Good Morning, Nova: Teddy bear and Love

Pikri YAnor
Chapter #2

Siklus yang Retak dan Sepuluh Nyawa

"Selamat pagi, Nova. Sudah siap menjadi pahlawan hari ini?"

Suara interkom itu adalah jarum jam yang menusuk gendang telinga Nova tepat di titik yang sama setiap harinya.
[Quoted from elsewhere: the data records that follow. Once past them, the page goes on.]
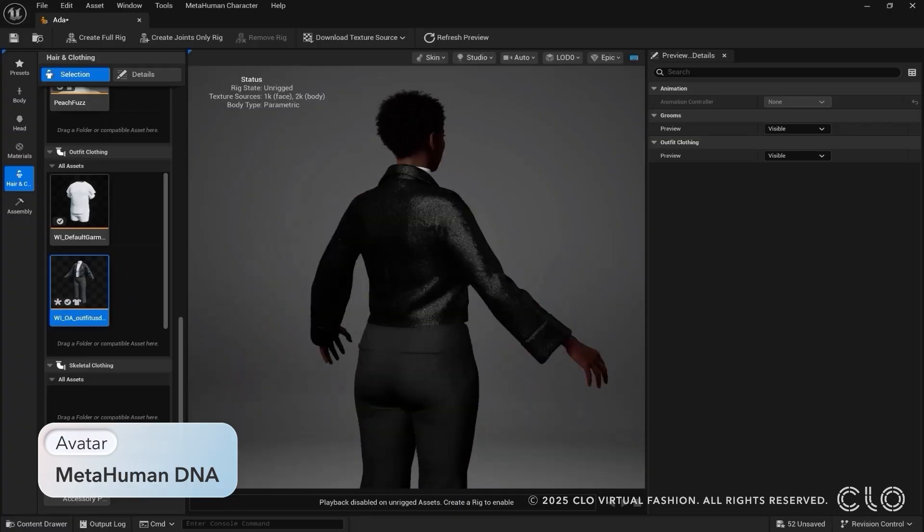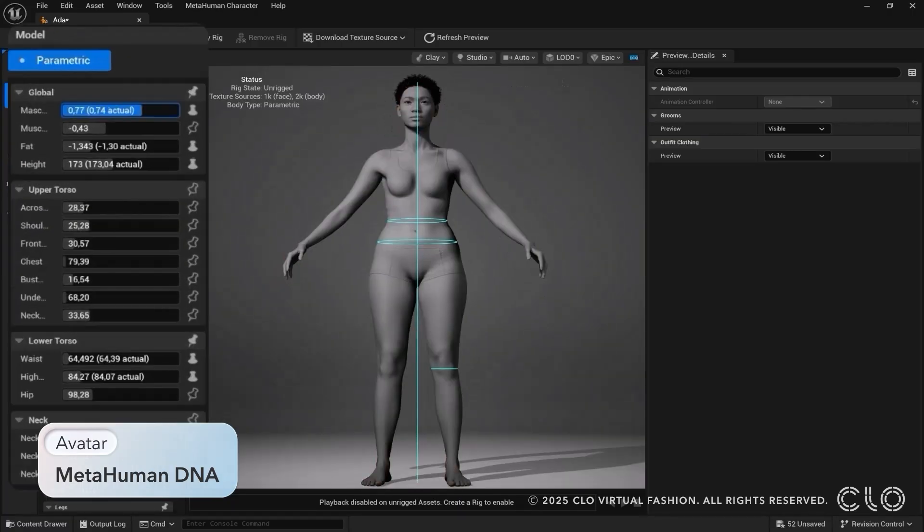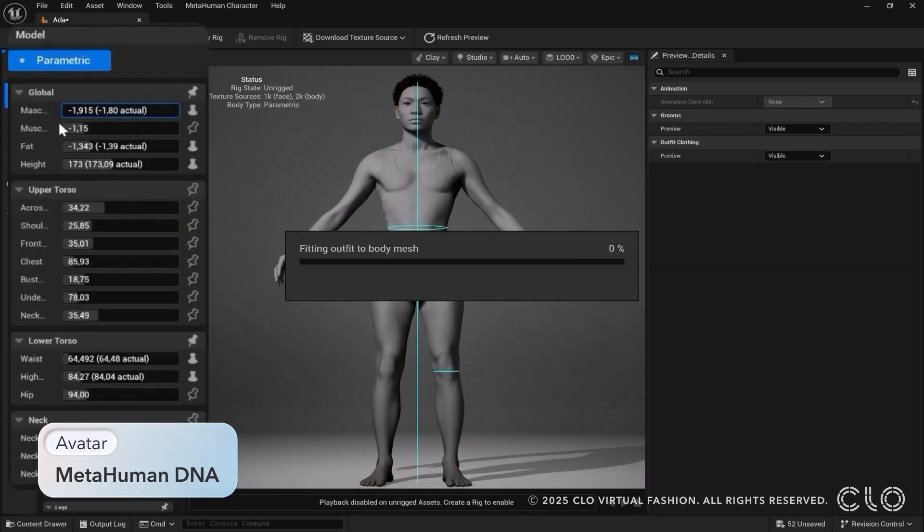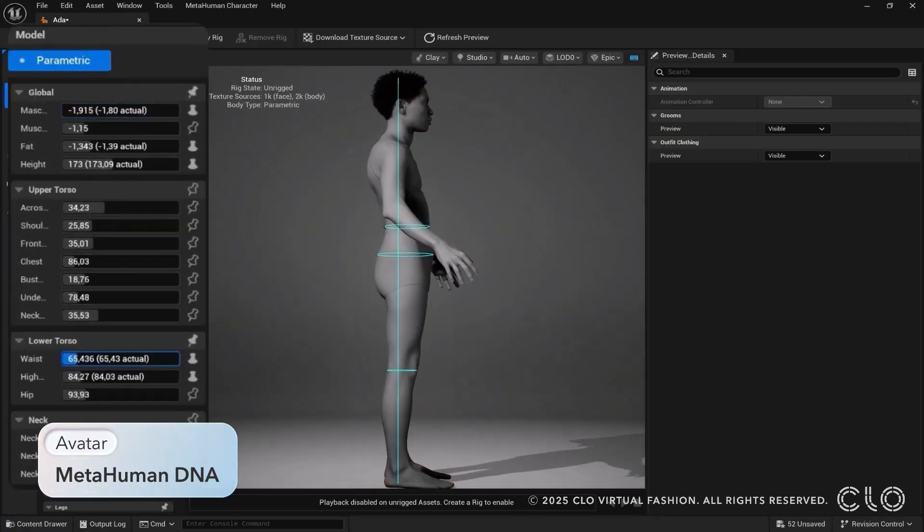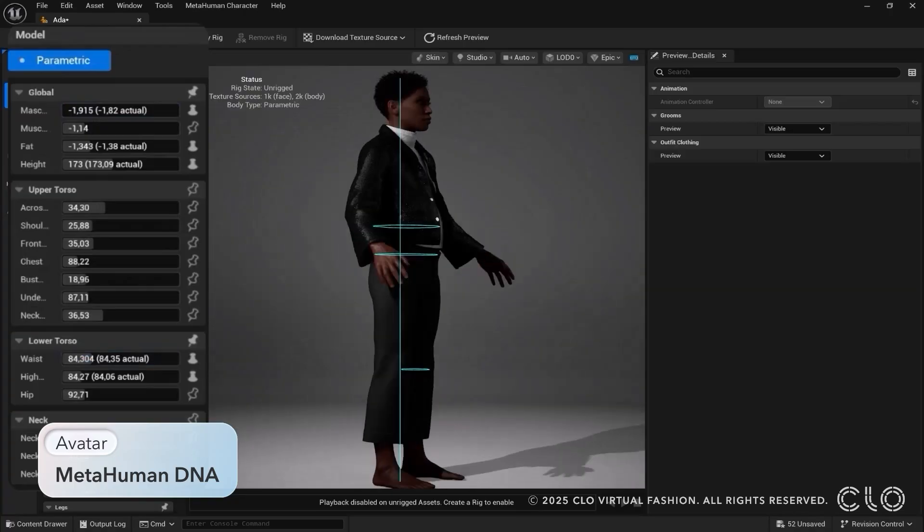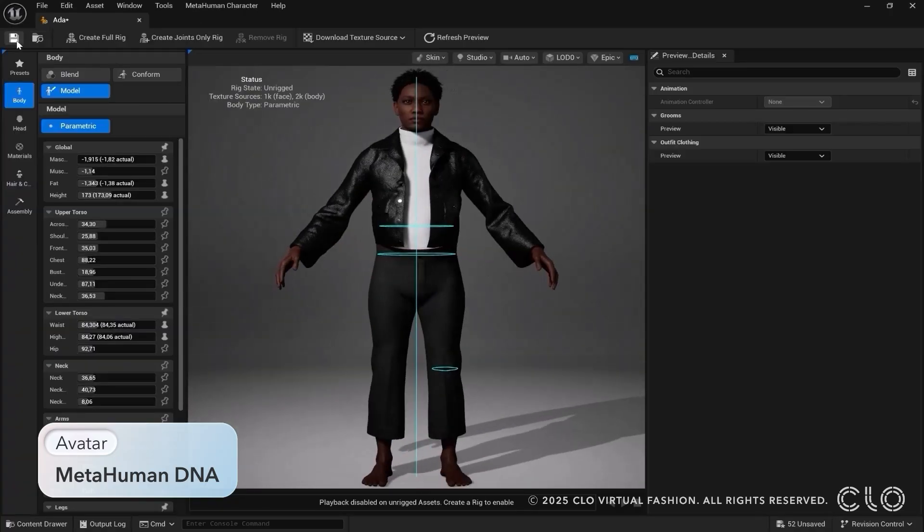Your garment will automatically resize to any changes you make to the MetaHuman's body, making it easier than ever to create high-quality, realistic renders with MetaHumans.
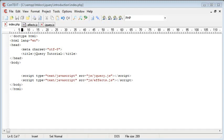Hi, this is Alex from phpacademy.org with a video tutorial for the New Boston. In this tutorial we're going to be looking at the hide effect in jQuery.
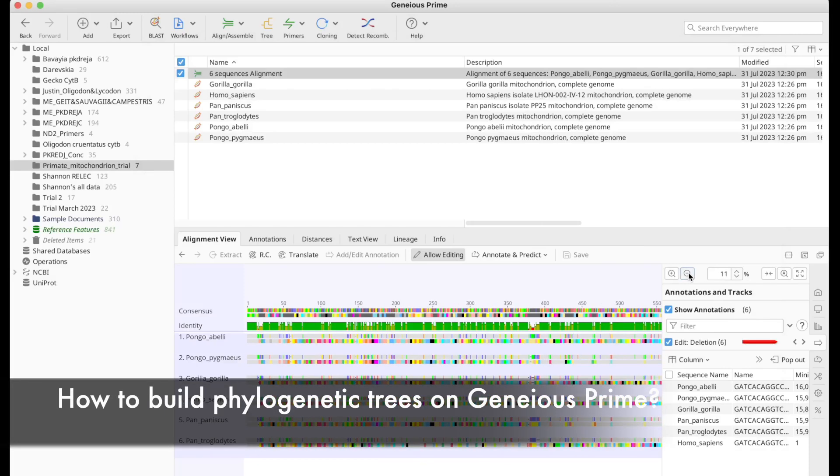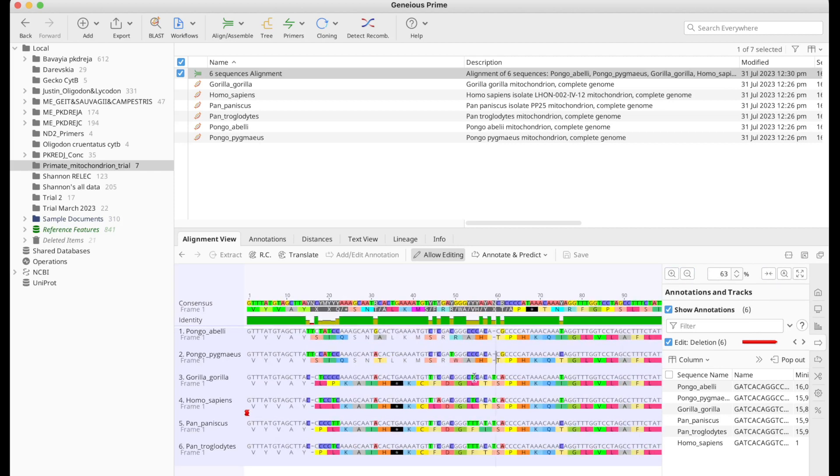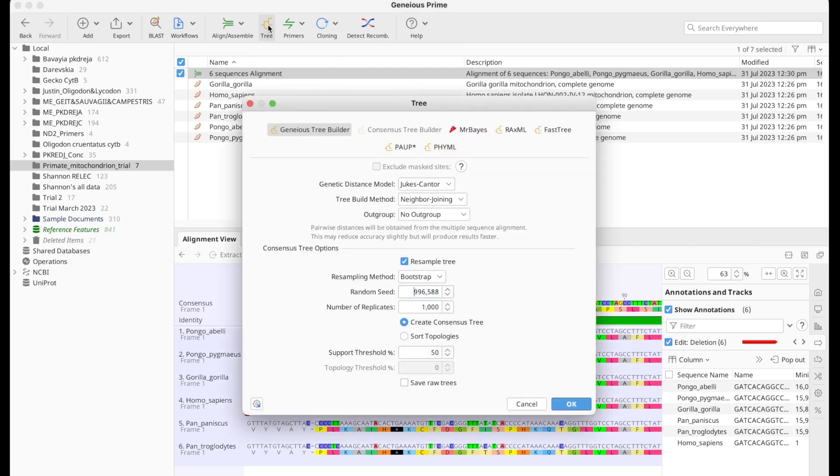Now next step will be creating trees with these alignments. In the previous tutorial, we've already covered how to align sequences. And then next step will be pretty easy, the tree. Just select the sequences aligned and then click on tree.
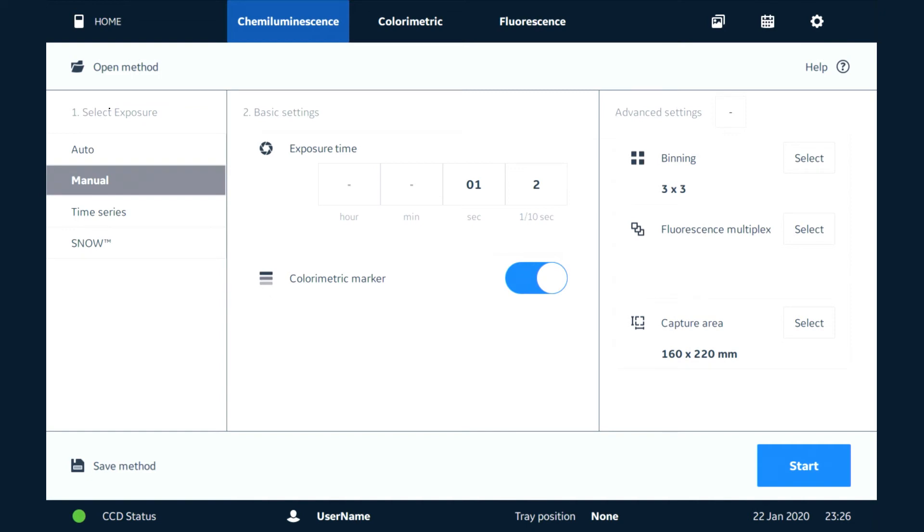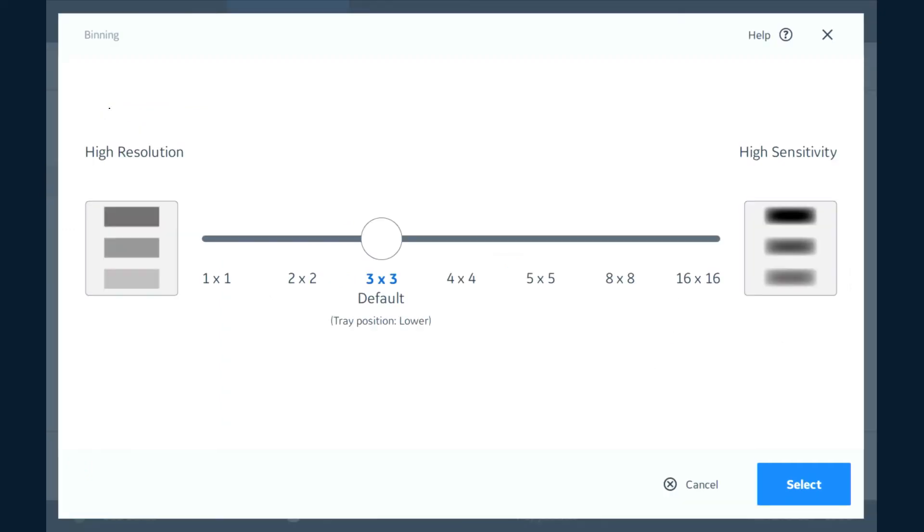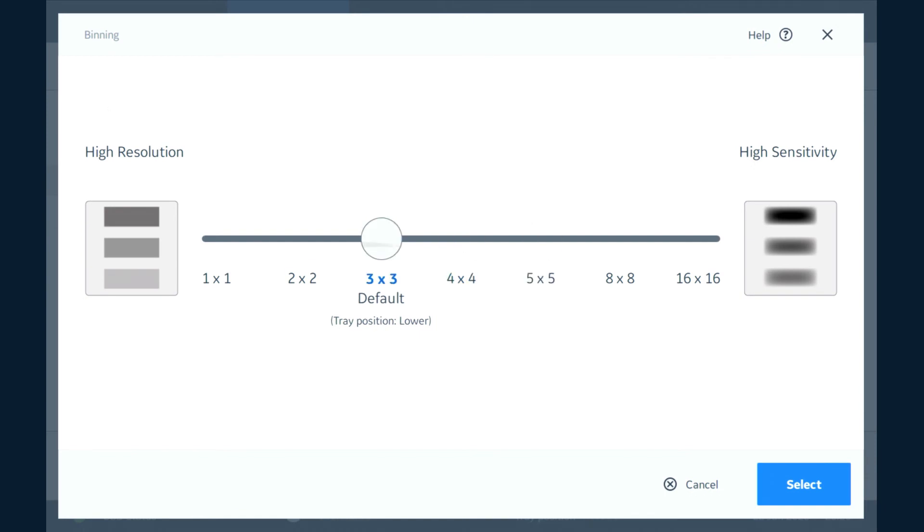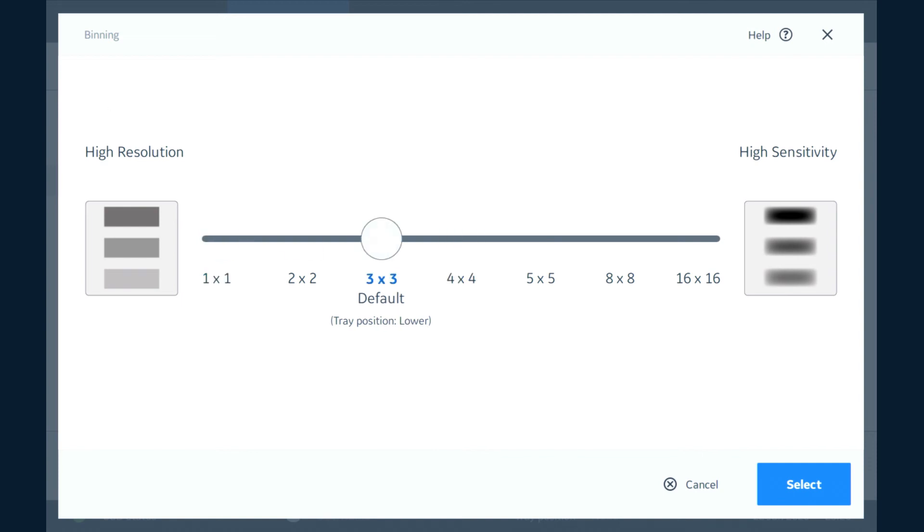If we're in this mode here we can go to binning. This is how much our image is binned and we can alter this to either a higher setting or a lower setting. The recommendation is to default, but sometimes due to speed or just checking you might want to use one of the different resolutions versus sensitivity as you see here.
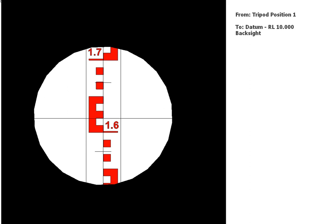So there's your first reading which is from the first position of the tripod. It's back to the datum for the survey and it has an RL of 10 meters, so I'll give you a second to take the reading. Obviously if you need a bit longer just pause the video.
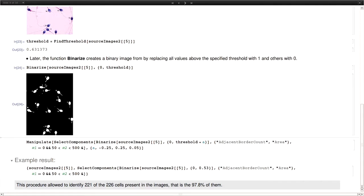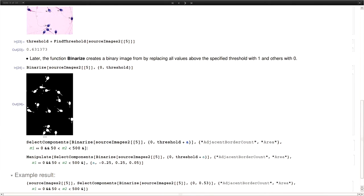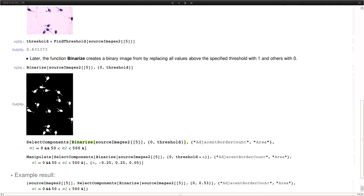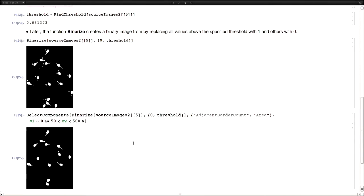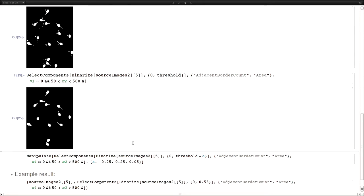So the first thing could be to just select the components with a select components tool. In this case by the area, filtering by the area. So we just use the components that have a size that we know we are looking for. And we get rid of some white points that are in that space. But that is not enough again.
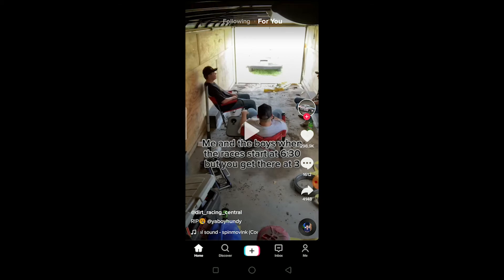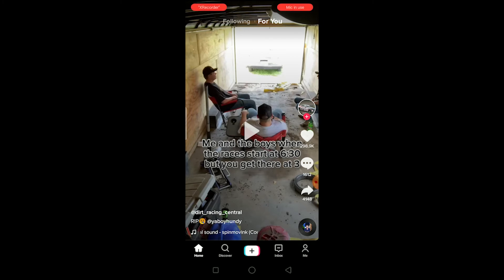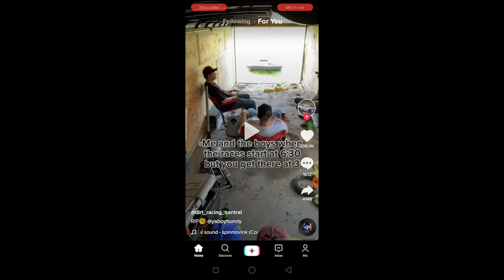If your TikTok account is frozen for the first time, it's basically one hour. If it happens a second time, it might be two hours, because the freeze time extends the more you trigger it. For example: first day is one hour, second day is two hours, the next day five hours, then six hours — the more you get frozen, the longer the duration. If it happens too many times, your TikTok account can also be banned.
Cahaya neon putih yang berkedip, bau karbol yang steril, dan dinginnya lantai semen—semuanya adalah salinan karbon dari kemarin. Nova duduk di tepi tempat tidur, tangannya secara mekanis meraba meja kayu untuk memastikan Tedi masih di sana. Boneka beruang itu tetap setia dengan satu mata kancingnya yang longgar, seolah-olah dia adalah satu-satunya saksi bahwa waktu sebenarnya berjalan, meski rasanya diam di tempat.

Ritual sarapan dimulai. Dokter Likton dengan wajah televisinya yang bersemut, Jek Alien yang mengunyah baut logam, dan Lilis Bunga yang kelopak mawarnya terus berguguran ke piring. Nova menelan bubur debunya dalam diam. Ia tidak lagi bertanya kenapa keluarganya berwujud aneh. Ia hanya ingin ritual ini segera usai agar ia bisa kembali ke lorong-lorong apartemen yang menyesakkan.

Namun, hari ini ada yang berbeda.

Di koridor sekolah, Nova tidak lagi hanya menunduk saat Clara dan Ken mendekat. Kali ini, Ilham dan Sahsha juga ada di sana, berdiri dalam lingkaran yang terasa lebih mencekam dari biasanya. Clara tampak lebih pucat, kemarahannya terasa seperti api yang kehabisan oksigen. Ken tidak memutar koinnya; tangannya terkepal erat hingga buku jarinya memutih. Ilham terus menatap kakinya sendiri, seolah-olah bayangannya akan tiba-tiba bangkit dan mencekiknya. Sedangkan Sahsha, matanya kosong, menatap langit-langit seolah ia sedang mencoba membaca tulisan yang tidak ada di sana.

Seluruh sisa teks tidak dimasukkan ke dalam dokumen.